" مِن عَلاَمَةِ الإِعتِمَاد فِى الأَعمَال نُقصَانُ الرَّجَاء عِندَ وُجُودِ الزَلَل"
"Tanda seseorang mengandalkan pekerjaannya adalah berkurangnya pengharapan ketika ia mengalami kegagalan."
Dalam penjelasan pada kutipan ini, banyak ulama yang memberikan tambahan hadits riwayat bukhari yang berbunyi
" لَن يَدخُلَ الجَنَّةَ أَحَدُكُم عَمَلَهُ، قَالُوا: وَلَا أَنتَ يَا رَسُولُ الله؟ قَالَ: وَلاَ أَنَا إِلاَّ أَن يَتَغَمَّدَنِيَ اللهُ بِرَحمَتِهِ "
"Tidaklah seorang pun dari kalian yang masuk surga disebabkan amalnya,
Sahabat bertanya: 'termasuk engkau wahai rasulullah? '
Rasululullah menjawab: 'iya termasuk aku, melainkan atas rahmat dari Allah"

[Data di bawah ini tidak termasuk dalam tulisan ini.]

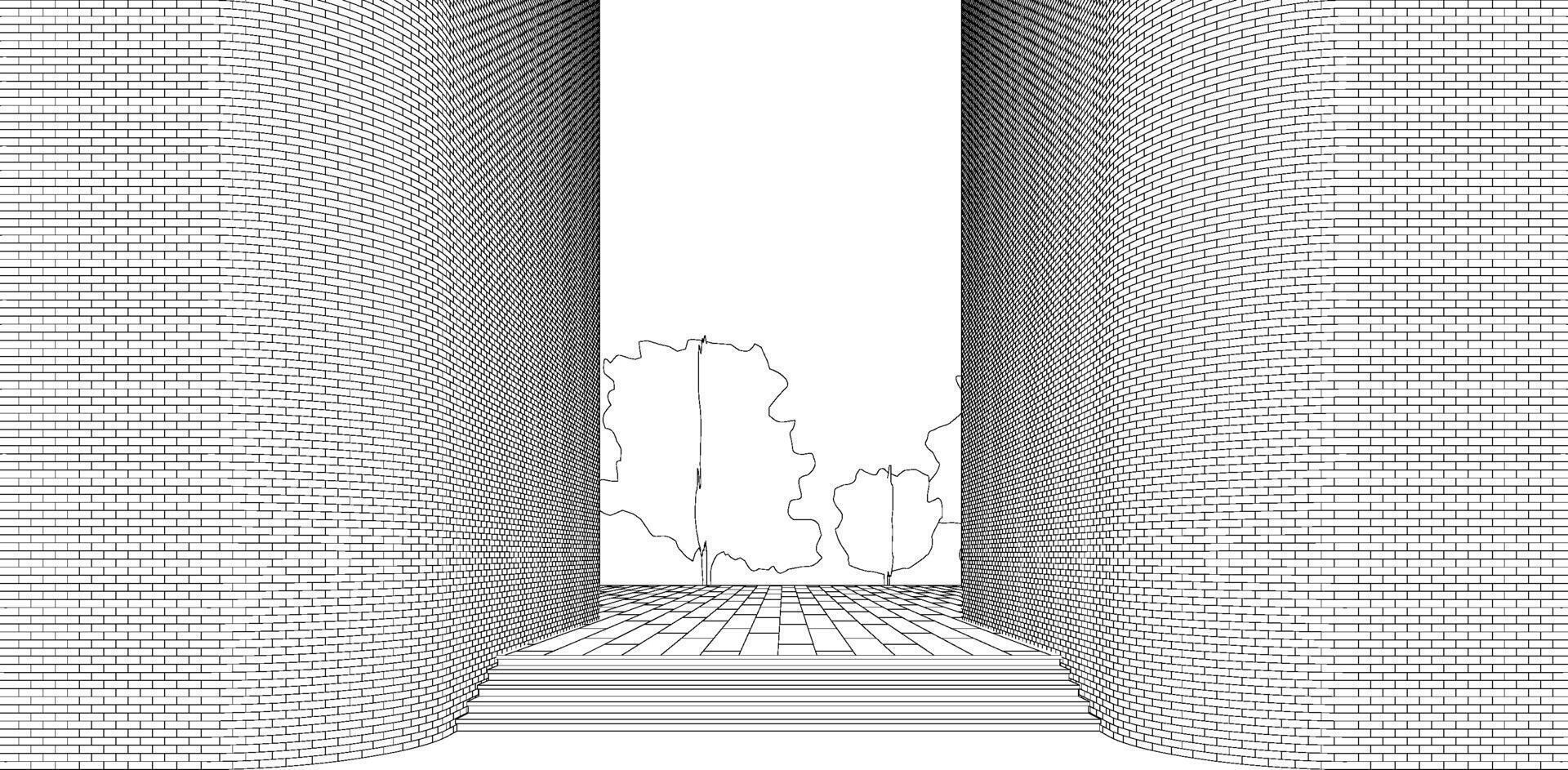 3D illustration of building project vector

Dalam beragama kita tidak dianjurkan untuk terlalu menyandarkan kepada segala bentuk usaha untuk mendapatkan sebuah hasil. Karena boleh jadi ketika hasil tersebut tidak didapat karena disebabkan terlalu percaya dirinya kita sehingga lupa menyerahkannya kepada Tuhan.

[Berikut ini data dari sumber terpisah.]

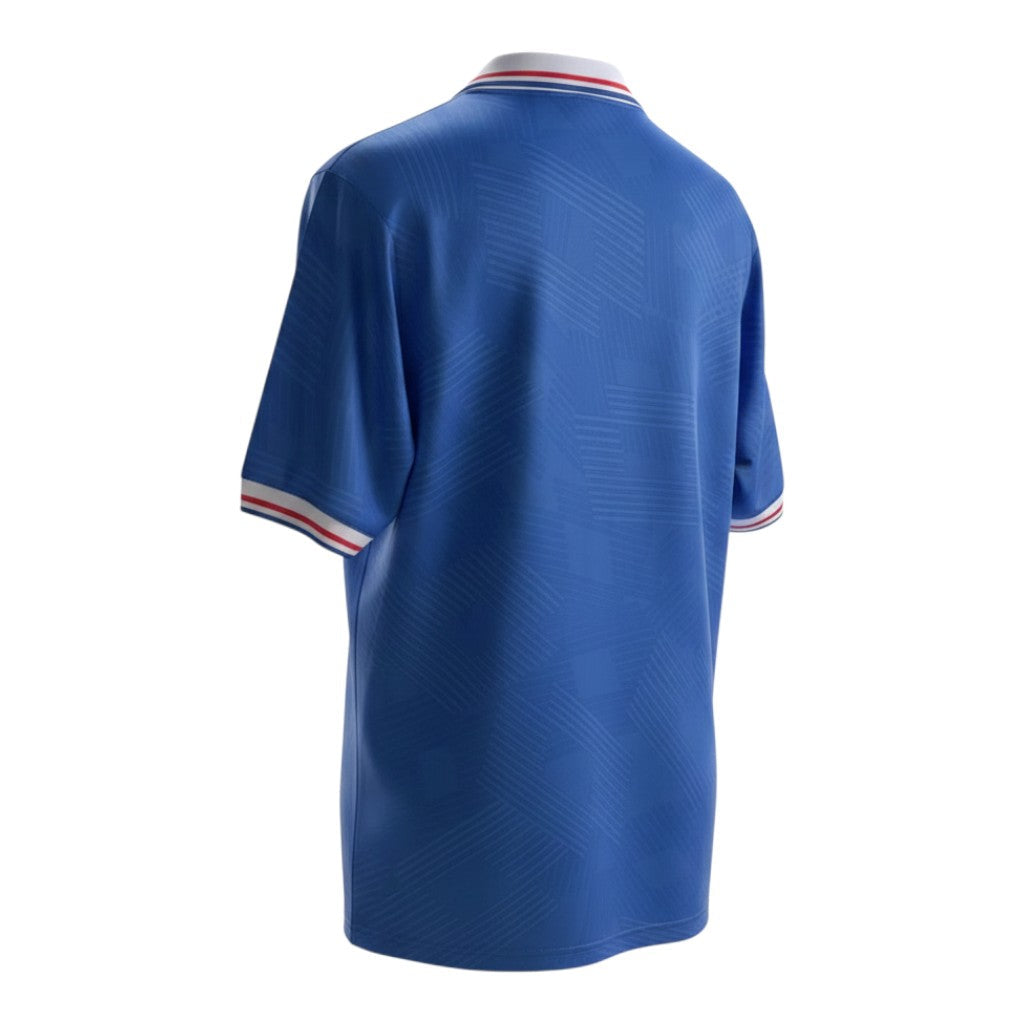 Hinchas Sportswear Store Netherlands 1991 away retro jersey. Royal blue shirt with subtle jacquard texture, white polo collar with red trim, and white cuffs with red trim.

Seperti menggapai surga misalnya. Sebagai umat muslim aku yakin surga adalah impian, tetapi yang sering disalahpahami adalah untuk mendapatkan surga ini kita harus shalat, puasa, berzakat dan melakukan ibadah lain yang bersifat nonindividual. Artinya kita melakukan semua ibadah tersebut hanya untuk mendapatkan surga bukan selain itu.

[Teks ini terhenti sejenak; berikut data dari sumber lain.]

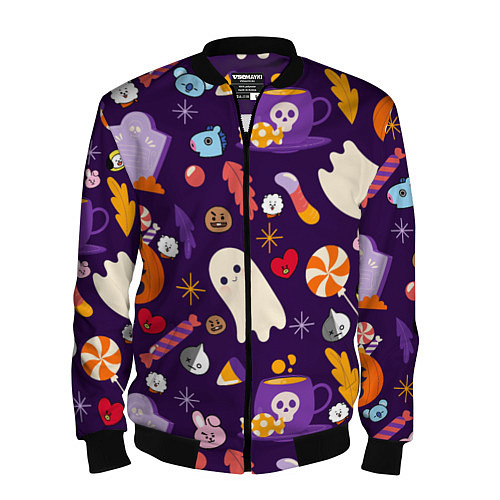 Мужской бомбер HALLOWEEN BTS BT21 PATTERN БТ21 БТС ХЕЛЛОУИН / 3D-Черный – фото 1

Kita lihat bersama-sama bahwa kanjeng Rasul menasihati bahwa sekali-kali kita tidak akan masuk kedalam surga dengan amal-amal kita. Lantas dengan apa? Rasul menjawab dengan rahmat Tuhan!
Amal ibadah hanya sebatas dapat kita lakukan sebagai wasilah untuk mendapatkan rahmat Tuhan, karena jika Tuhan sudah memberikan rahmat-Nya, surga sudah menjadi jaminan atas itu. Surga hanya bonus dari rahmat Tuhan.
Maka dari itu akan berbeda jika kita niatkan semua amal ibadah yang kita perbuat untuk masuk ke surga. Karena dengan menyandarkan pada amal tersebut untuk masuk surga boleh jadi Tuhan murka dan malah memasukan kita kedalam neraka-Nya (naudzubillah) akibat dari kesombongan kita, riya kita, dan merasa sucinya kita untuk bisa dengan mudah masuk surga atas segala amal ibadah kita.
Kita kontekskan dengan keseharian hidup kita, bisa dicontohkan dalam hal ambisi dalam meraih suatu pencapaian.Terkadang kita sebagai seorang manusia selalu menjadikan proses atau pekerjaan kita dalam menuntaskan ambisi sebagai tujuan utama seperti ingin meraih intensitan publik dengan kecantikan kita atau kepintaran kita.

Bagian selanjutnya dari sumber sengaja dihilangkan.